Knowledge
- Identify VMware NIC Teaming policies
- Identify common network protocols
Skills and Abilities
- Understand the NIC Teaming failover types and related physical network settings
- Determine and apply Failover settings
- Configure explicit failover to conform with VMware best practices
- Configure port groups to properly isolate network traffic
Tools
- ESX Configuration Guide
- ESXi Configuration Guide
- vSphere Command-Line Interface Installation and Scripting Guide
- Product Documentation
- vSphere Client
- vSphere CLI
- vicfg-*
Notes
Identify VMware NIC Teaming policies
There are 5 different NIC Teaming Policies.
- Route based on the originating virtual port ID
- Route based on IP hash
- Route based on source MAC hash
- Route based on physical NIC load (vSphere 4.1 only)
- Use explicit failover order
Route based on the originating virtual switch port ID
Choose an uplink based on the virtual port where the traffic entered the virtual switch. This is the default configuration and the one most commonly deployed. When you use this setting, traffic from a given virtual Ethernet adapter is consistently sent to the same physical adapter unless there is a failover to another adapter in the NIC team. Replies are received on the same physical adapter as the physical switch learns the port association. This setting provides an even distribution of traffic if the number of virtual Ethernet adapters is greater than the number of physical adapters. A given virtual machine cannot use more than one physical Ethernet adapter at any given time unless it has multiple virtual adapters. This setting places slightly less load on the ESX Server host than the MAC hash setting.
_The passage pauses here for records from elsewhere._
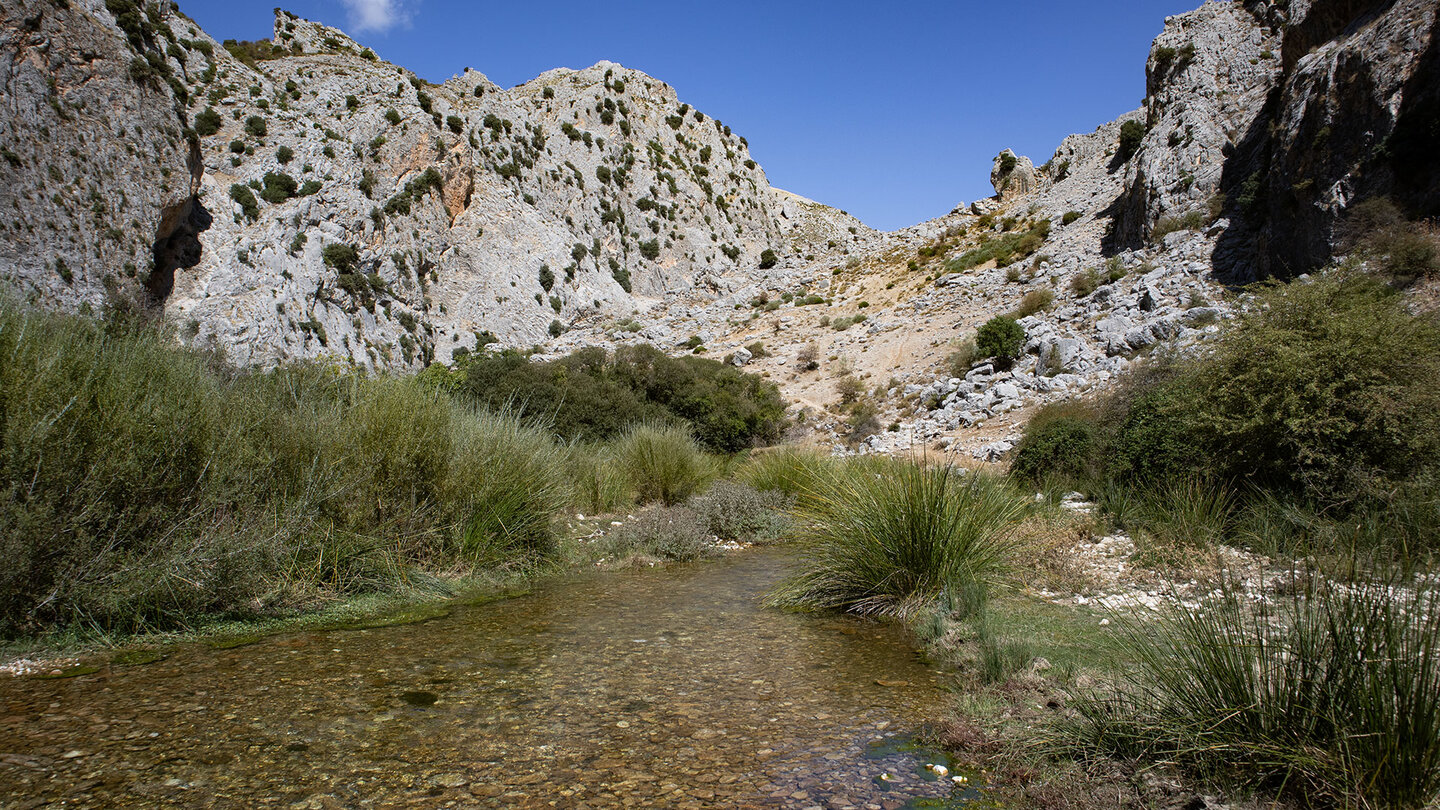 die Wanderrout entlang des Bachlaufs des Río Castril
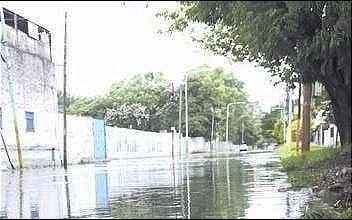 Llueve y se inunda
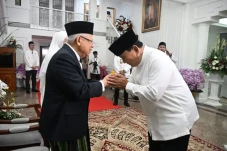 Prabowo Subianto Hadir...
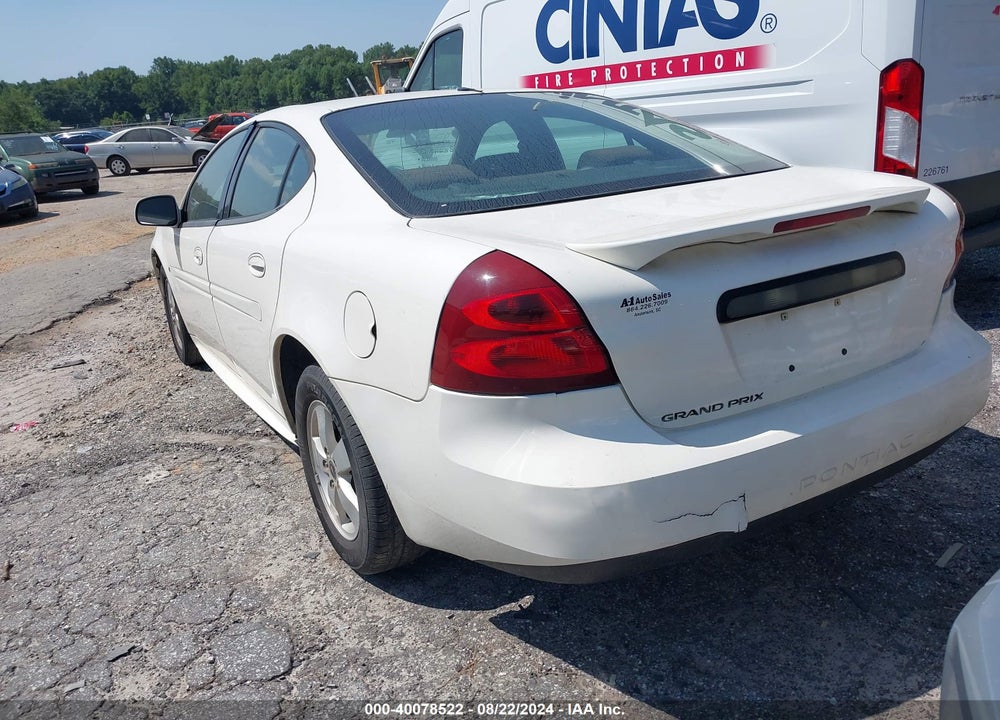 2006 PONTIAC GRAND PRIX VIN: 2G2WP552561247447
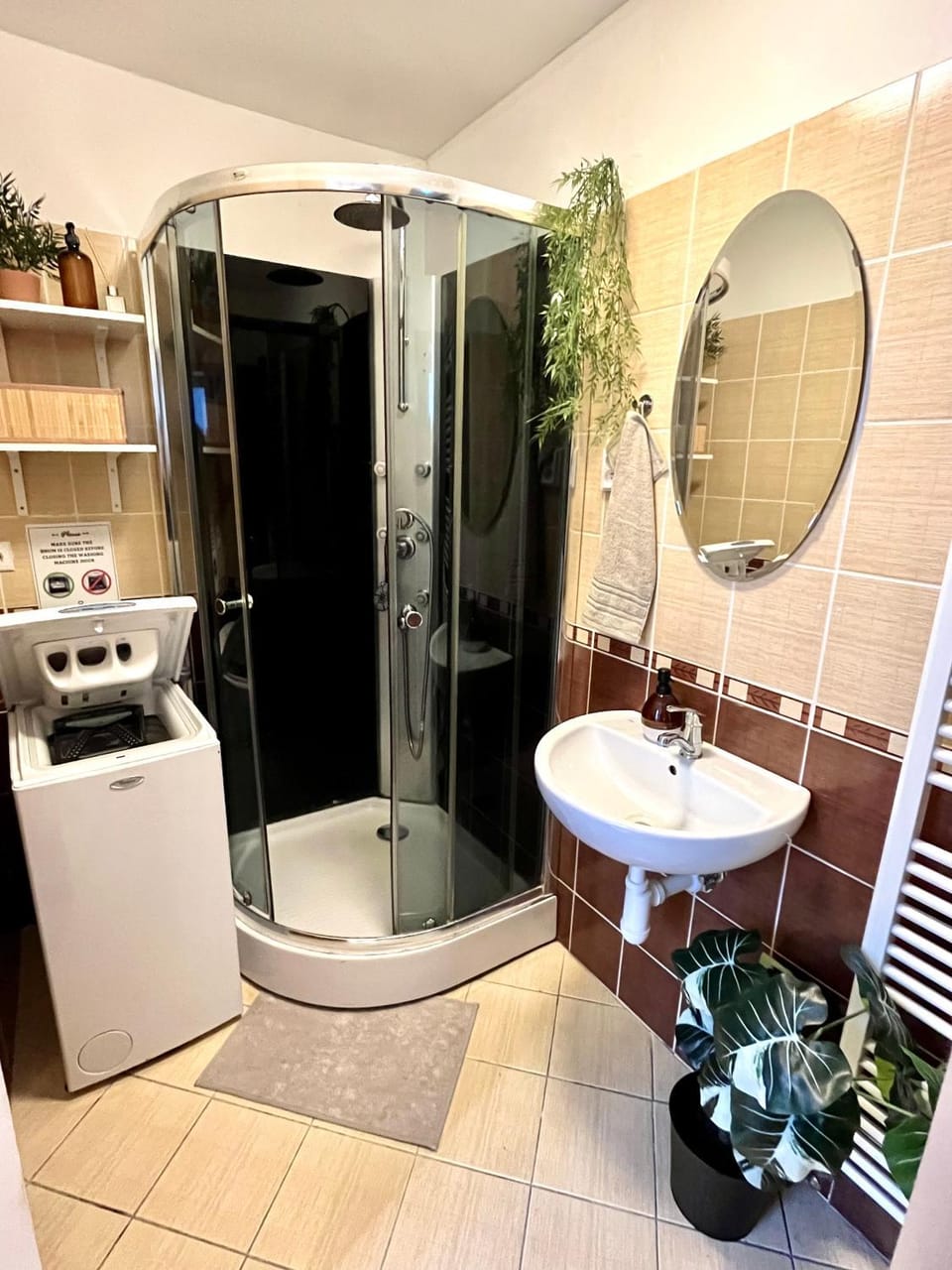Shower, Bathroom
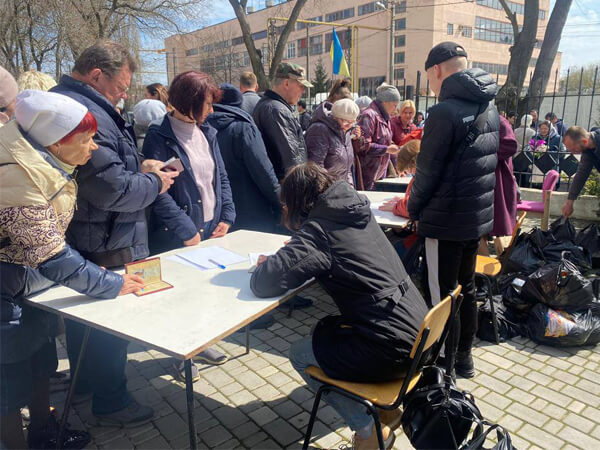 Vulnerable Ukrainians Receive Aid From Local Churches 15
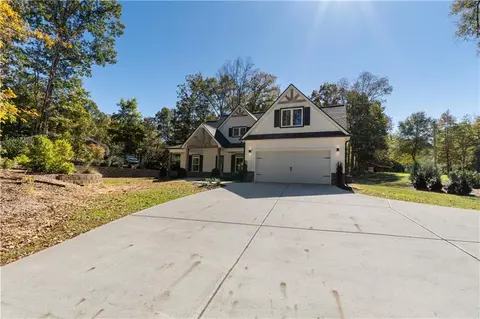 Exterior - 130 E Crestwood Rd, Tyrone, GA 30290 photo 9 of 10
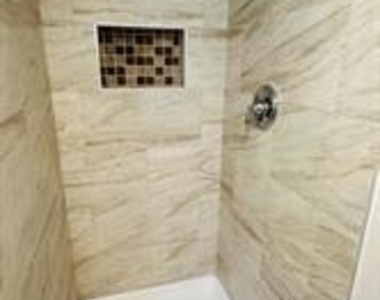 9 E Poplar Street - Photo Thumbnail 12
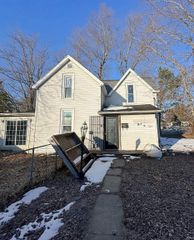 701 Park Street, Loogootee, IN 47553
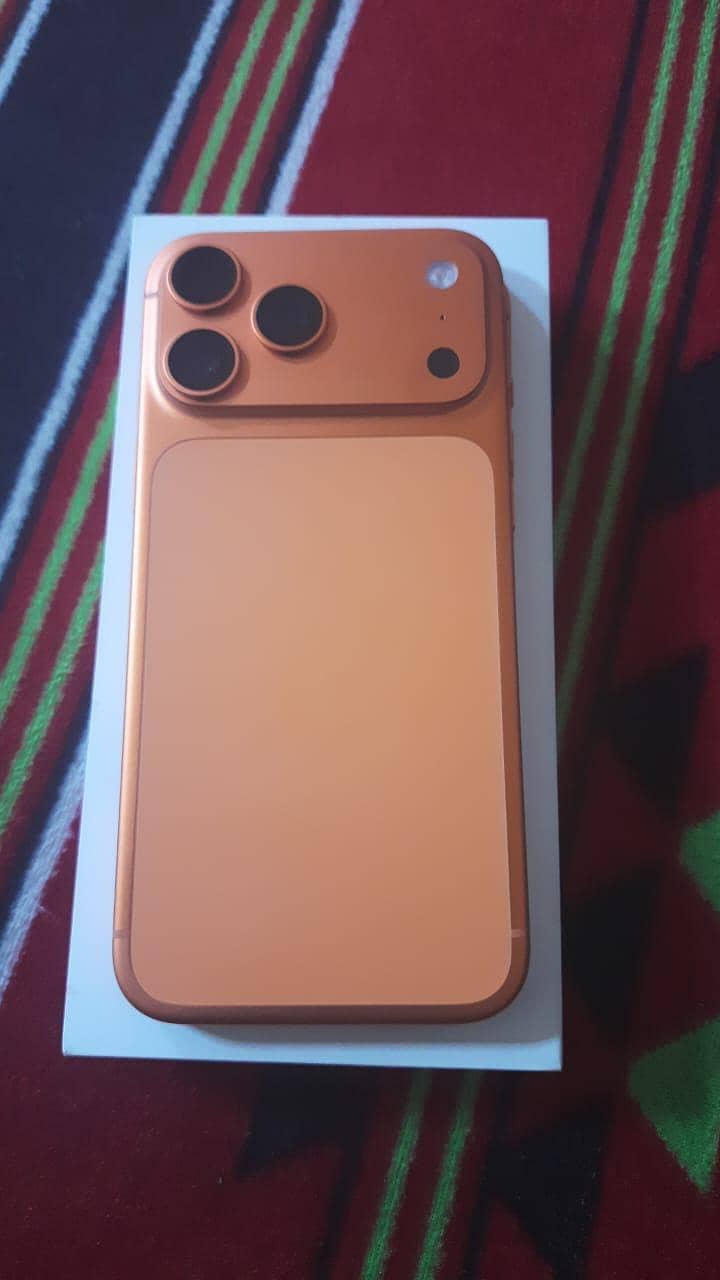 Apple iPhone 17 Pro Max 0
Note: If you select either srcPortID or srcMAC hash, you should not configure the physical switch ports as any type of team or bonded group.
Route based on IP hash
Choose an uplink based on a hash of the source and destination IP addresses of each packet. (For non-IP packets, whatever is at those offsets is used to compute the hash.) Evenness of traffic distribution depends on the number of TCP/IP sessions to unique destinations. There is no benefit for bulk transfer between a single pair of hosts. You can use link aggregation — grouping multiple physical adapters to create a fast network pipe for a single virtual adapter in a virtual machine. When you configure the system to use link aggregation, packet reflections are prevented because aggregated ports do not retransmit broadcast or multicast traffic. The physical switch sees the client MAC address on multiple ports. There is no way to predict which physical Ethernet adapter will receive inbound traffic. All adapters in the NIC team must be attached to the same physical switch or an appropriate set of stacked physical switches. (Contact your switch vendor to find out whether 802.3ad teaming is supported across multiple stacked chassis.) That switch or set of stacked switches must be 802.3ad-compliant and configured to use that link-aggregation standard in static mode (that is, with no LACP). All adapters must be active. You should make the setting on the virtual switch and ensure that it is inherited by all port groups within that virtual switch.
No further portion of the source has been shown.